The same harmonies are used for a short section entitled Block Party Jam, often an occurrence to welcome returning veterans of World War Two to their neighborhoods, where jazz bands played celebratory as well as innovative music.

Finally the theme returns in a stately fashion with the original fanfare of the road playing in counterpoint, followed by a rousing conclusion restating the opening of the piece and a triumphant ending.

Just as in the case of Beethoven's' Symphony No. 6 in F major Pastorale, where he titles each movement with a brief description, the program notes for Symphonic Variations on a Song by Woody Guthrie serve as a guide to listener but are not essential to enjoy the piece.

The biographical nature of Symphonic Variations on a Song by Woody Guthrie, just as in the case of Berlioz's moving Harold in Italy, (which Berlioz said was inspired by the life and times of Lord Byron), served as a point of departure to write the best piece that I could.
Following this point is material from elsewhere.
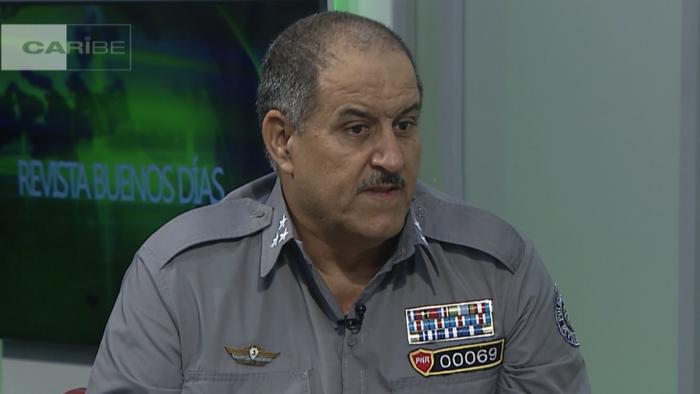 Coronel Roberto Rodríguez Fernández, jefe del Órgano Especializado de Tránsito de la Dirección General de la Policía Nacional Revolucionaria.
With the help and research of Nora Guthrie, the goodwill and gifts of her brother Arlo,
the excellence of the men and women of the Symphony Silicon Valley, the brilliant young conductor Paul Polivnick and the innovative programming of Executive Director Andrew Bales, I knew while writing this piece that the premiere would be a guaranteed moment of a life time. Music is a collective effort, which is why it is so important, when presented with that selfless spirit.
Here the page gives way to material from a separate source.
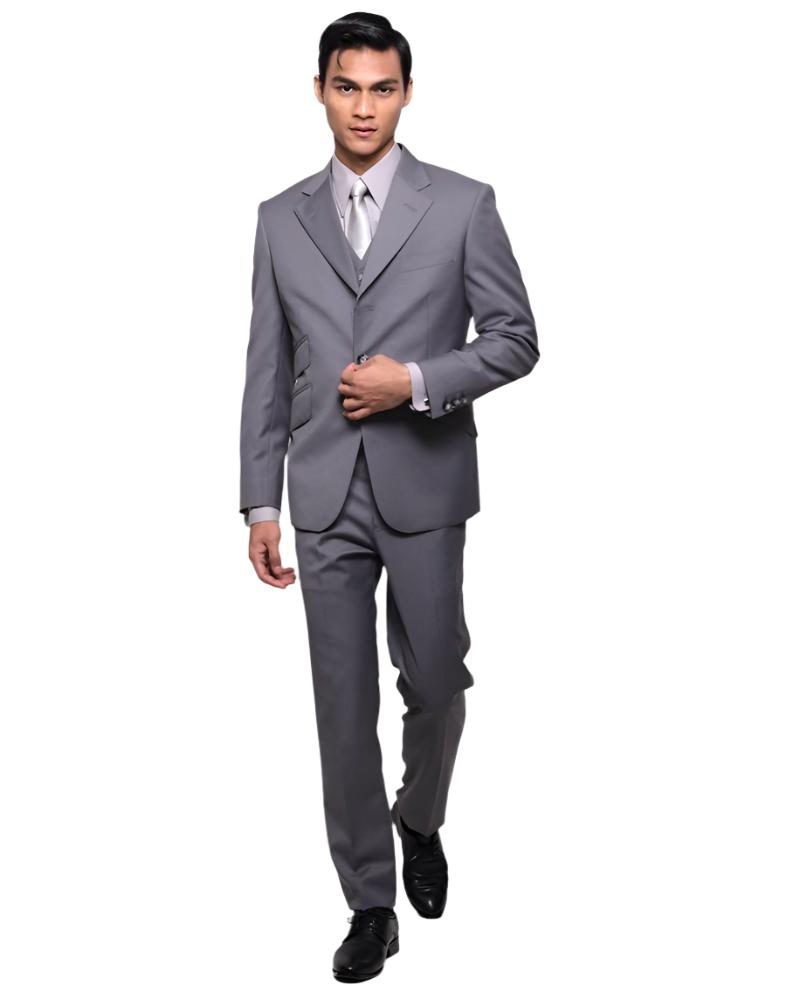 Classic Three-Piece Suit Jacket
I thank all of my colleagues, as I thank my children for understanding why I often seemed to disappear for long stretches of time while putting in endless hours day and night to complete this new piece.

And I thank Woody Guthrie for sharing his gifts with the world, and hope that this piece can honor his spirit of bringing people together to share the blessings we all have with one another.

The dedication in the score reads as follows.

Symphonic Variations on a Song by Woody Guthrie
by David Amram

Theme and Fanfare for the Road

Variation 1, Oklahoma Stomp Dance

Variation 2. Sunday Morning Church Service in Okemah

Variation 3. Prelude and Pampa Texas Barn Dance

Variation 4. Sonando con Mexico (Dreaming of Mexico)

Variation 5. Dustbowl Dirge

Variation 6. Street Sounds of New York's Neighborhoods
a) Caribbean Street Festival
b) Klezmer Wedding Celebration and Middle Eastern Bazaar
c) Salvation Army Hymn (theme)
d) Block Party Jam
e) Theme and finale


Dedicated to Nora, Arlo, Joady and all the members of the Guthrie Family, whose devotion to Woody's legacy enables all of us to feel welcome in those pastures of plenty which he sang to us about.
This piece is a thank you note to him for all the joy his spirit still gives to people all over the world.
He showed us all the beauty part of this land and all the people who live here, and taught us to honor and respect one another.

The composition was commissioned by Woody Guthrie Publications and received its World Premiere September 29th, 2007, performed by the Symphony Silicon Valley in San Jose California, conducted by Paul Polivnick.